Chawan Moshi! Das heißt auf Japanisch nicht etwa Guten Abend. Es bezeichnet im Rahmen eines reichen, exotisch eingefärbten Menus nur den Namen der Suppe, die im Hotel Adlon den über zweihundert Gästen kredenzt wurde, die auf Einladung Richard von Weizsäckers zusammengekommen waren, der Bekanntgabe der diesjährigen Preisträger des japanischen Praemium Imperiale festlich beizuwohnen. Wer isst nicht gerne gut, in allerbester Gesellschaft und noch dazu aus durchweg rühmlichem Anlass?

Der Praemium Imperiale, mit 128 000 Euro nicht zu knapp dotiert, ist sozusagen der Nobelpreis für die in Stockholm regelmäßig zu kurz kommenden Künste. Die Japan Art Association hat ihn ausgelobt und vergibt ihn seit über zwölf Jahren in den fünf Sparten Skulptur, Malerei, Architektur, Musik sowie Film respektive Theater. Sie stützt sich bei ihrer Wahl auf Expertenkommissionen in sechs Ländern, denen jeweils eine Denkmalsfigur des öffentlichen und nach Möglichkeit auch des geistigen Lebens vorsteht.Beides geht ja nicht immer verlässlich zusammen. Doch gerade Richard von Weizsäcker ist ein derart vielseitig interessierter, allseits respektierter Wundermann. Kampai!

Weizsäcker holte zwei der fünf Preise nach Deutschland. Sie gingen an Sigmar Polke, den Maler, und an Dietrich Fischer-Dieskau, den Sänger. Karlheinz Stockhausen, an meinem Adlon-Tisch, ging diesmal noch leer aus, machte aber immerhin freundliche Miene zum philharmonischen Einstimmungs-Spiel. Zumal Tochter Mariella am Klavier saß, das böse Ding. Sie spielte ausgerechnet in Henzes «Aria de la folia espanola» mit.
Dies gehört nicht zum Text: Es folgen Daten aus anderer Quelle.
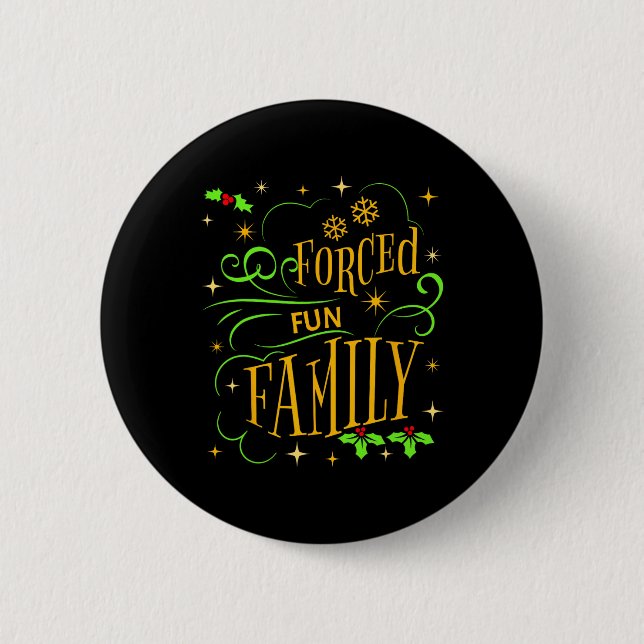 Macaron Rond 5 Cm Pajamas de Noël Fun Family Forcé Light Père Noël H (Devant)
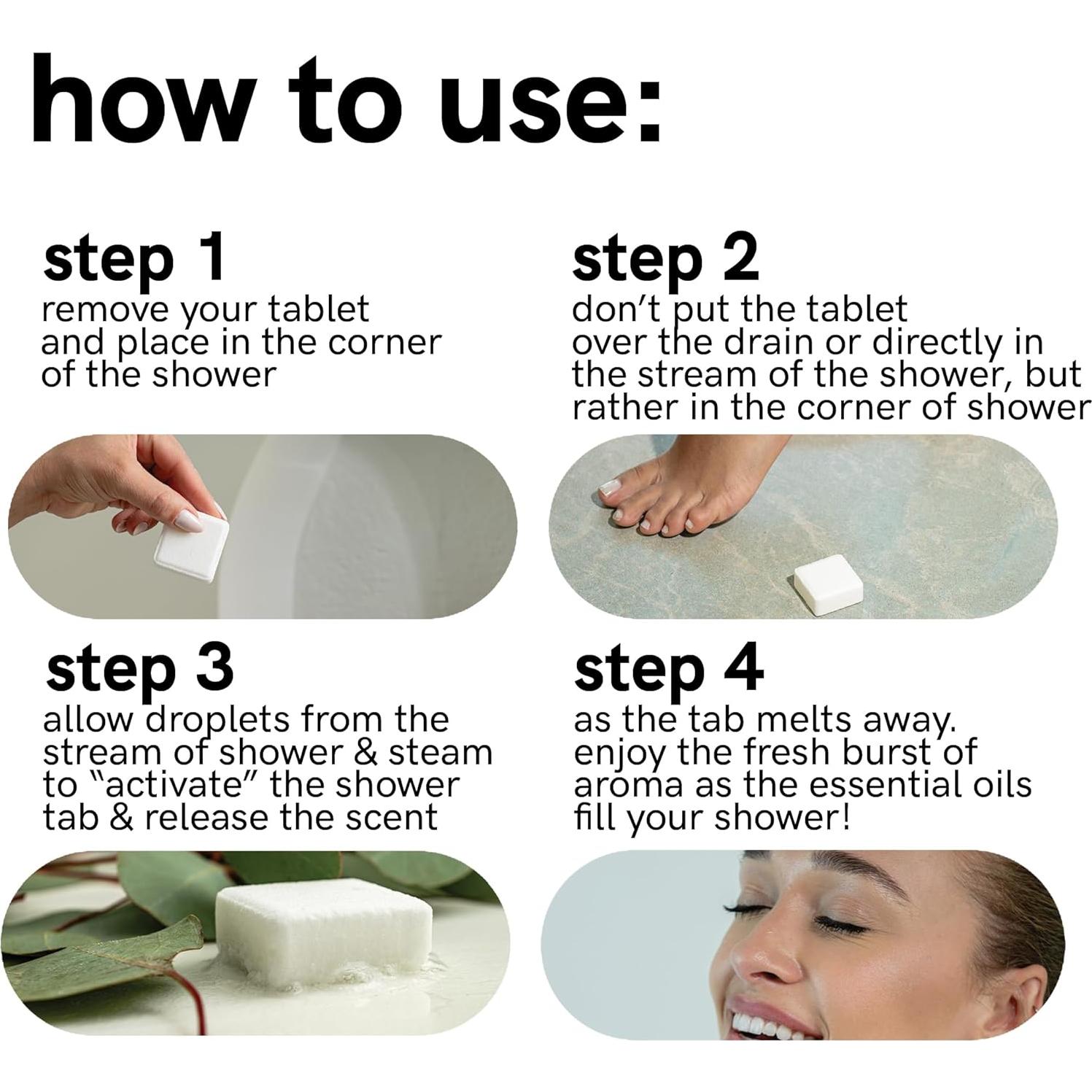 Pastillas de Vapor de Aromaterapia Zensah - Eucalipto y Mentol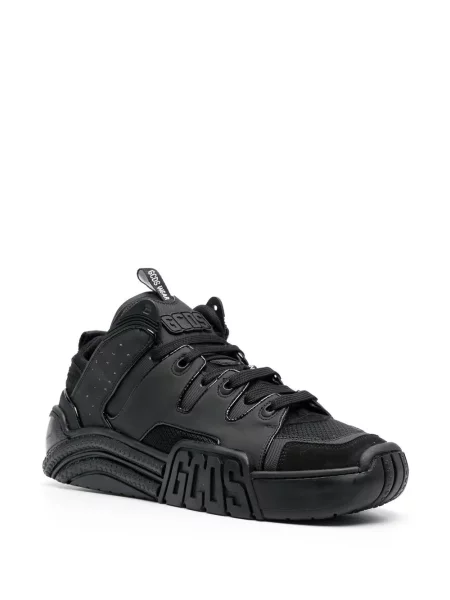 Sneakerși Gcds cu șireturi din dantelă negru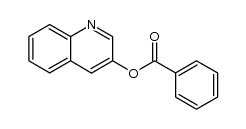 3-Quinolyl benzoate结构式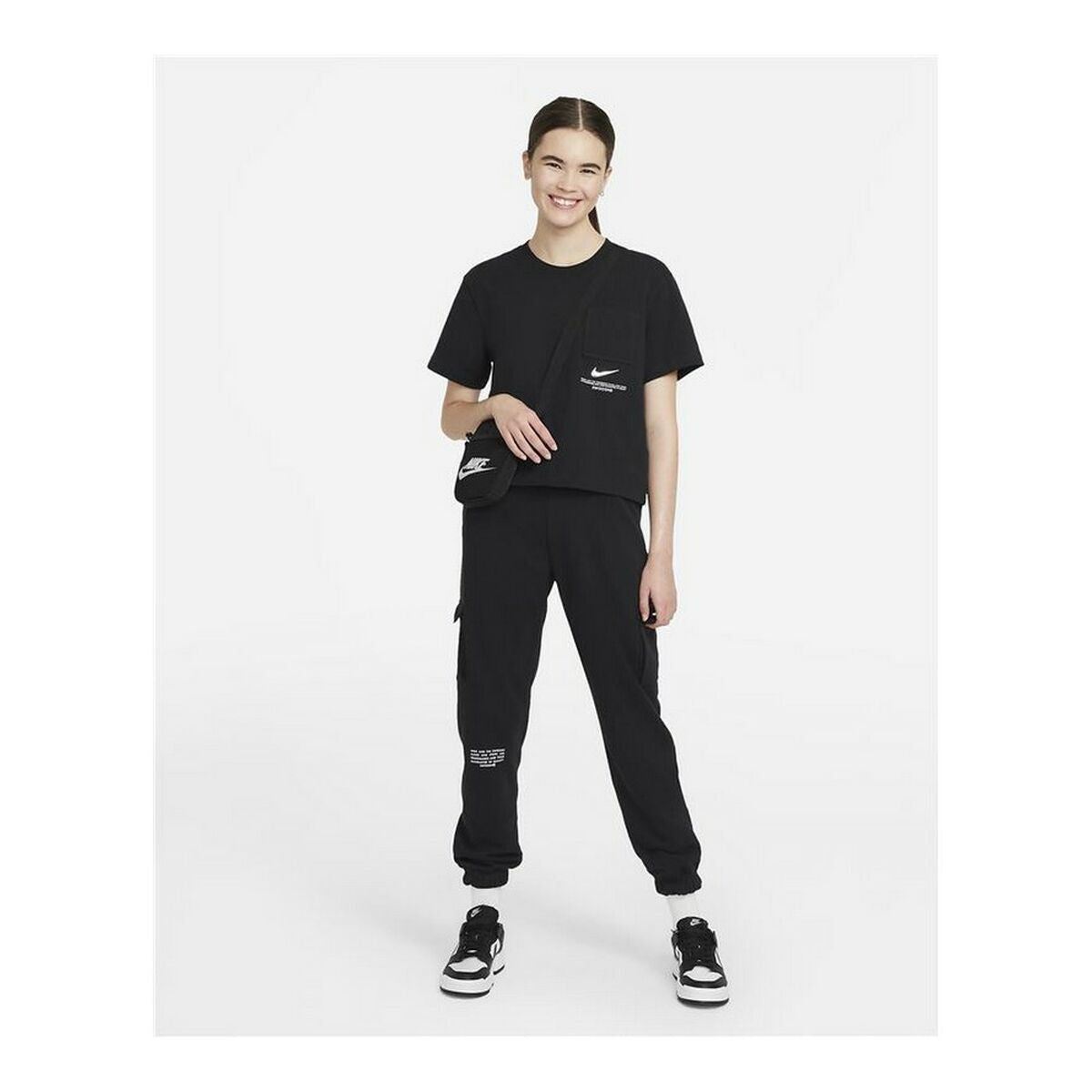 Nike Sportswear Swoosh Women's T-Shirt - Black - product view 5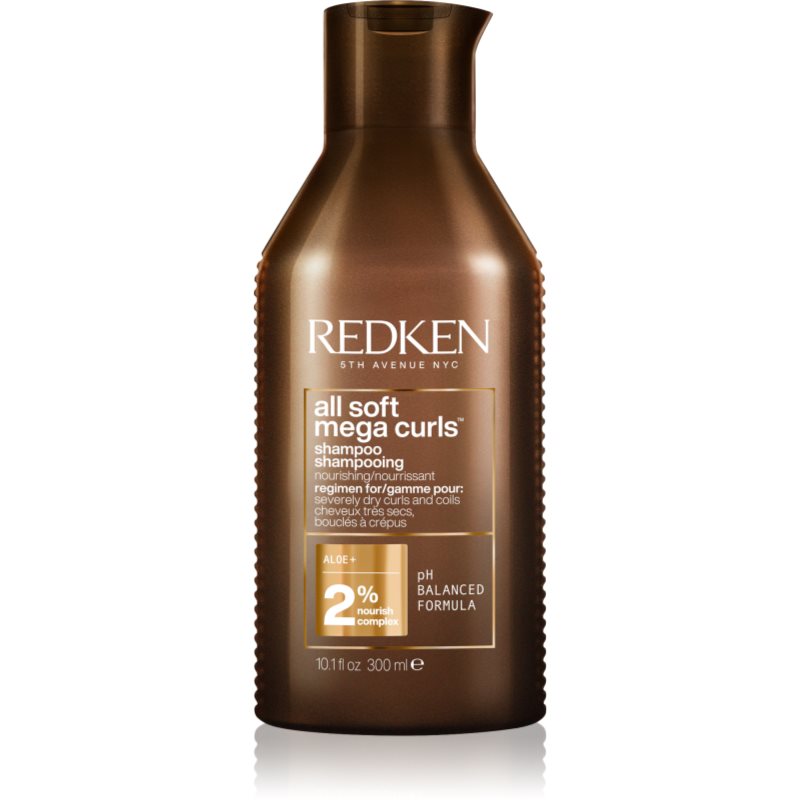 Redken All Soft Mega Curls sampon hullámos és göndör hajra 300 ml-Ár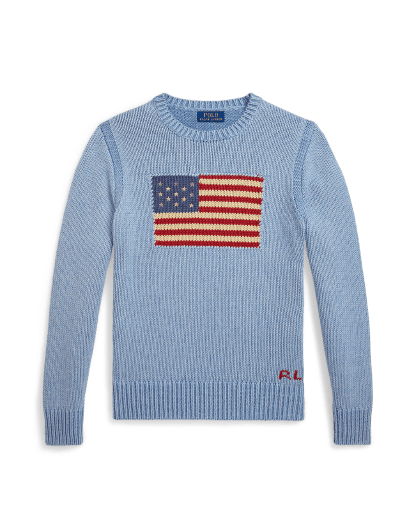 Iconica maglia con bandiera mélange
Schlimmer noch: Henze hatte den Monumental-Preis im vergangenen Jahr aus der Hand des Prinzen Hitachi, des Kaiser-Bruders, in Tokio einkassiert.

Diesmal also ging der Musikpreis nach Berlin: an Fischer-Dieskau, diesen unermüdlichen Hans Volldampf in allen Gassen der Kunst, schreibend, malend, rezitierend, dozierend; Lehrherr nun schon zweier Generationen, dahinsprudelnd von Meisterklassen zu Meisterkursen in allen Ländern der Welt. An seiner eminenten Kunst haben sich seit jeher die Geister geschieden; vor allem die Kleingeister. Kubota Manyu!
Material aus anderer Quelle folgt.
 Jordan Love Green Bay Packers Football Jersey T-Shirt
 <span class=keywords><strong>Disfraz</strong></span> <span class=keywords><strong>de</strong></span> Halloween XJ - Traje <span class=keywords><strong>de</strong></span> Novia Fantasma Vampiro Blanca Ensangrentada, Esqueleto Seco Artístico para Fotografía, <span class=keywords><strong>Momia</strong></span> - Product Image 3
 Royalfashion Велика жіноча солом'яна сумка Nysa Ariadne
Das ist nichts als ein Schlückchen Sake. Ich erlaubte mir, es auf das Wohl Fischer-Dieskaus zu trinken. Er versteht sich schließlich auf Japan wie kaum ein anderer deutscher Sänger. Schon vor über dreißig Jahren hatte er mir in seinem Hotelzimmer im Teikoku Hoturu, dem alten Hotel Imperial, dessen von Frank Lloyd Wright errichteten denkmalswürdig aztekischen Trakt man inzwischen dem Erdboden gleichgemacht hat (hoffentlich ergeht es dem heutigen Preisträger Norman Foster später in Japan nicht ebenso), demonstrativ den Stil des No-Singens im Unterschied zum Kabuki-Singsang vor dem Mikrofon vorgeführt. Fischer-Dieskau war stets ein feuriger Ausforscher aller erdenklicher künstlerischer Möglichkeiten im interpretatorischen Selbstversuch. Er hielt sein einzigartiges Können immer mit der Peitsche der Neugier in Trab. Junmai Daiginjoshu!
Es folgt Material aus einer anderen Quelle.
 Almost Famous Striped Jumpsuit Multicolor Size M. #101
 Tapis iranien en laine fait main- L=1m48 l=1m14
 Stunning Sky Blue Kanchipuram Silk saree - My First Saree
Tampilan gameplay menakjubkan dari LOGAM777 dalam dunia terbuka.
Noch ein Sake. Nur die Nigiri Sushi vermochte ich noch mit Aufmerksamkeit zu verspeisen. Dann fesselte mich wieder der Film, in dem nicht die anwesenden Botschafter Frankreichs, Englands und Italiens ihre Preisträger zu sehen bekamen, sondern wir alle erstmals oder erneut Bekanntschaft mit ihnen schließen durften: mit Jean-Luc Godard, der uns einst mit Belmondo «Außer Atem» brachte; mit Norman Foster, den man inzwischen nach der viel angestaunten Bundestags-Kuppel gern als Wahl-Berliner vereinnahmt; mit Guiliano Vangi, dem bestürzenden italienischen Bildhauer, dem Überraschungssieger für mich, der dem Menschenbild unverbrüchlich die Treue zu halten versteht.

Und sonst? Natürlich war mit ihrer schon sprichwörtlichen Herzlichkeit die Adlon-Hausherrin Marylea van Daalen zur Stelle, verspätet hereinstürzend von ihrer hauseigenen «Werther»-Lecture, der Sonnabend-Premiere der Massenet-Oper in der Bismarckstrasse. Arme Marylea! Was wird sie bloß machen, wenn die Sarrazin-Pläne zu greifen beginnen, ihr die Opern-Fundamente wegbröckeln und damit die Adlon-Lektionen?